╔══

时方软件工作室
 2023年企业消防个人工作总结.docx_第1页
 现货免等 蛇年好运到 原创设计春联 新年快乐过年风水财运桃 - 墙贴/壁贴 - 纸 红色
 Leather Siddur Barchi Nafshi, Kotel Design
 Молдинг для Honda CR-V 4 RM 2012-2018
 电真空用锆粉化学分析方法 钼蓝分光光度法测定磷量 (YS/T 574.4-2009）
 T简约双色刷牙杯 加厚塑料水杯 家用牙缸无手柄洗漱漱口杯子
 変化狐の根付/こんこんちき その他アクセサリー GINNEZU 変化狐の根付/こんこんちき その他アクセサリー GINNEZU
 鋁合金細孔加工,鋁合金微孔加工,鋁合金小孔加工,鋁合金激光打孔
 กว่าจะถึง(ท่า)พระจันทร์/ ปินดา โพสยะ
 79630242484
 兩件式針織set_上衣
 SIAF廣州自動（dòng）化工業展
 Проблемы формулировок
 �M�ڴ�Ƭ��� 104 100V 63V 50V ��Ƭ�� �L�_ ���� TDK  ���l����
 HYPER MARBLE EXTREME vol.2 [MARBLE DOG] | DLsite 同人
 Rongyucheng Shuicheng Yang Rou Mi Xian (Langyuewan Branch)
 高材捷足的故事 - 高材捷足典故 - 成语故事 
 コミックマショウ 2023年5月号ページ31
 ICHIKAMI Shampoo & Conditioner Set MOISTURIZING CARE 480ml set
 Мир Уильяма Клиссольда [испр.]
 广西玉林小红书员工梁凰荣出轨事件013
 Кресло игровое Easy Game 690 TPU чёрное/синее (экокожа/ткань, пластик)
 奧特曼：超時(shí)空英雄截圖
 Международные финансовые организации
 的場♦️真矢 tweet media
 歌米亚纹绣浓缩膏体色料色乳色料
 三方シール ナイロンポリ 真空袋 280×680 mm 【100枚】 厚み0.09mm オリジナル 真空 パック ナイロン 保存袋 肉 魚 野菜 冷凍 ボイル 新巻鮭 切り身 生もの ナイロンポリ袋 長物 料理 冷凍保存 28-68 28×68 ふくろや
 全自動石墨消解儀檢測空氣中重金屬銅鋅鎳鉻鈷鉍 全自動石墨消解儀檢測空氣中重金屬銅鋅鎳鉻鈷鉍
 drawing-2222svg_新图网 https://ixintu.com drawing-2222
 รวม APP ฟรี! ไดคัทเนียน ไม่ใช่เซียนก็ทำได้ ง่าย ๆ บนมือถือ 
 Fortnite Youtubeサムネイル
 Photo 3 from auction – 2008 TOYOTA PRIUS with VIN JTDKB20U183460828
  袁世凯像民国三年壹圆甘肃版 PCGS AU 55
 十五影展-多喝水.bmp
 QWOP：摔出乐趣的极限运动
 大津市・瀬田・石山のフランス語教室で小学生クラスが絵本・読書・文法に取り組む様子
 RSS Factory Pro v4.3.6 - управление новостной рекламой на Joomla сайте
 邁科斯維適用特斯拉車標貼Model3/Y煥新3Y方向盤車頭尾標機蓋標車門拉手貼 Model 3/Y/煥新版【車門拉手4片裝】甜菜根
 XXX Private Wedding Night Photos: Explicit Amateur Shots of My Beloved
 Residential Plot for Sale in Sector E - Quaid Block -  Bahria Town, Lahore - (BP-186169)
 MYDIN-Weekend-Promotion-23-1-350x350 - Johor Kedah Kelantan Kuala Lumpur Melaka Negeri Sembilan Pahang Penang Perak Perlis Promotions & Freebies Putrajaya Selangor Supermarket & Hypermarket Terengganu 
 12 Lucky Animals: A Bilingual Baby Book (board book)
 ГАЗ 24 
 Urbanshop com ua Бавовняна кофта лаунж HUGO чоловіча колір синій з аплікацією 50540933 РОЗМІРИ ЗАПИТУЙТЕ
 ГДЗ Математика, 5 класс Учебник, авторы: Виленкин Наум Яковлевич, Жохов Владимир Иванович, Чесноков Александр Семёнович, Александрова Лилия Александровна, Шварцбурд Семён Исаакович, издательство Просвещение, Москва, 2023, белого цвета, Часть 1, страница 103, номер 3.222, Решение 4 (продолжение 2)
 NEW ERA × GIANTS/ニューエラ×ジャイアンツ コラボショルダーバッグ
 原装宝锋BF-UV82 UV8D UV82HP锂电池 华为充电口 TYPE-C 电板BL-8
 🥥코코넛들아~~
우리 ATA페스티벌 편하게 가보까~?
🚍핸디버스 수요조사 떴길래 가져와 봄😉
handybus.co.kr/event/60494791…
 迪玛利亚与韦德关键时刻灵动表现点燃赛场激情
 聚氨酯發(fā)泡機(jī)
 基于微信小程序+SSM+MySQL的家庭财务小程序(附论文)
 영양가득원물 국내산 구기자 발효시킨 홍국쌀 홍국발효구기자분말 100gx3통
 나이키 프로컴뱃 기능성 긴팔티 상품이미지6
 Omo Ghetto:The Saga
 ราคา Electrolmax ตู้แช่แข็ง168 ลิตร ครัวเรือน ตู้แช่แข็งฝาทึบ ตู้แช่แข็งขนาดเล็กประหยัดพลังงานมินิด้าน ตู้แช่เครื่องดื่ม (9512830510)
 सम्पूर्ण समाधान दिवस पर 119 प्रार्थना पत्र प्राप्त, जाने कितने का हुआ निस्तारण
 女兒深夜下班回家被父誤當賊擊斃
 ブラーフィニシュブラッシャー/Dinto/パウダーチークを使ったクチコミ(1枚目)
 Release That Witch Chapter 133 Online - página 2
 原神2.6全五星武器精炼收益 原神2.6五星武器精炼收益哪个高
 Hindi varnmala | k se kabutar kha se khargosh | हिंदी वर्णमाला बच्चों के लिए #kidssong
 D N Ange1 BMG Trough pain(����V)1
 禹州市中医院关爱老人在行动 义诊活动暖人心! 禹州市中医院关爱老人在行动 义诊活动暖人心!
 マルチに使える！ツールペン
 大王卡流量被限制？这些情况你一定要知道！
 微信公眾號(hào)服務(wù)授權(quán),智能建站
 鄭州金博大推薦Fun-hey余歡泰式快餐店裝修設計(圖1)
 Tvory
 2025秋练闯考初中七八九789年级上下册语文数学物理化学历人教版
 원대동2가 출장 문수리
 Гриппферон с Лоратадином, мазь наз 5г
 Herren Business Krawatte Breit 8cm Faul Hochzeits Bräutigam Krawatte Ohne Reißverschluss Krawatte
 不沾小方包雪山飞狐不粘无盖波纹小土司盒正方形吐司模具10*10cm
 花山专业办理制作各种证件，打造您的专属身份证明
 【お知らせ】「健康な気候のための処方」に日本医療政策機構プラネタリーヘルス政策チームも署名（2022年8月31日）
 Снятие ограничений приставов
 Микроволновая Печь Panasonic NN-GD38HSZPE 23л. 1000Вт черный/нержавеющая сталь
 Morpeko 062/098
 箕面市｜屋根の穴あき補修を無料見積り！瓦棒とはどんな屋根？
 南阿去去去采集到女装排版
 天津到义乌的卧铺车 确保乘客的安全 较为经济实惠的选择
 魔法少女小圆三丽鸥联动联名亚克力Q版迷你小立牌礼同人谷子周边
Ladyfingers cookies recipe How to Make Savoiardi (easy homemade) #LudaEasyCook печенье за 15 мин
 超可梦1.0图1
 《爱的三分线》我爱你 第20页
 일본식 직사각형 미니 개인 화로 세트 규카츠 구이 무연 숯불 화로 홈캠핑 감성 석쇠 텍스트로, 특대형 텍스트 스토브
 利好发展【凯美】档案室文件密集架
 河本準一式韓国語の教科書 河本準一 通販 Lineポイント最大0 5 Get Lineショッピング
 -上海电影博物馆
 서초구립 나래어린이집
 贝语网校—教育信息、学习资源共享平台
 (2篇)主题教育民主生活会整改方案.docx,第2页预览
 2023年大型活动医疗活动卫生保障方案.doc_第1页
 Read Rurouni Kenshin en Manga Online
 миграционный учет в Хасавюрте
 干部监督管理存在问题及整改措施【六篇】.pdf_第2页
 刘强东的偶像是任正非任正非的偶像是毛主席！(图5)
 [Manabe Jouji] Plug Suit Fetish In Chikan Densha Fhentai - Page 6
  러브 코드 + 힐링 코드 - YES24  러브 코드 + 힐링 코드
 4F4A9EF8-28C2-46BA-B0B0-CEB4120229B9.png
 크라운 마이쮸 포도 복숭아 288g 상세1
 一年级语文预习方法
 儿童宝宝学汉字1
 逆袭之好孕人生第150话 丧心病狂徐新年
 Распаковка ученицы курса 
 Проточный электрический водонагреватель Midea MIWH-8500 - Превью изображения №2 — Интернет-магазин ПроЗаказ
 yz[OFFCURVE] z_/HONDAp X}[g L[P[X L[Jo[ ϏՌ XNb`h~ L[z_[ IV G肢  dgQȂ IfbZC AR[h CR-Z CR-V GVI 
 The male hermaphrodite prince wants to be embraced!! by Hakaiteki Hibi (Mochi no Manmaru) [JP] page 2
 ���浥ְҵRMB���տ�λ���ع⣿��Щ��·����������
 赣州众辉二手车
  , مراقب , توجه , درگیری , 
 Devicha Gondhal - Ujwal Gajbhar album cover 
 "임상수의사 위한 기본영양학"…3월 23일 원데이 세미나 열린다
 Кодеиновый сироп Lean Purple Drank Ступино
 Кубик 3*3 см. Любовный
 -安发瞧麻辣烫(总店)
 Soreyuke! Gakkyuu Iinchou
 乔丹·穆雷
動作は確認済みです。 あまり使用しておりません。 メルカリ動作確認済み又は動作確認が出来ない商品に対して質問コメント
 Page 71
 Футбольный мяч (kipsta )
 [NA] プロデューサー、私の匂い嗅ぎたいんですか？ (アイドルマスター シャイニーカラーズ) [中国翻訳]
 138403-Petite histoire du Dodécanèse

╚══

* What to work on:
Find how many lines of the listing include the word "Online" and answer with that count by itself.

* Response area:
2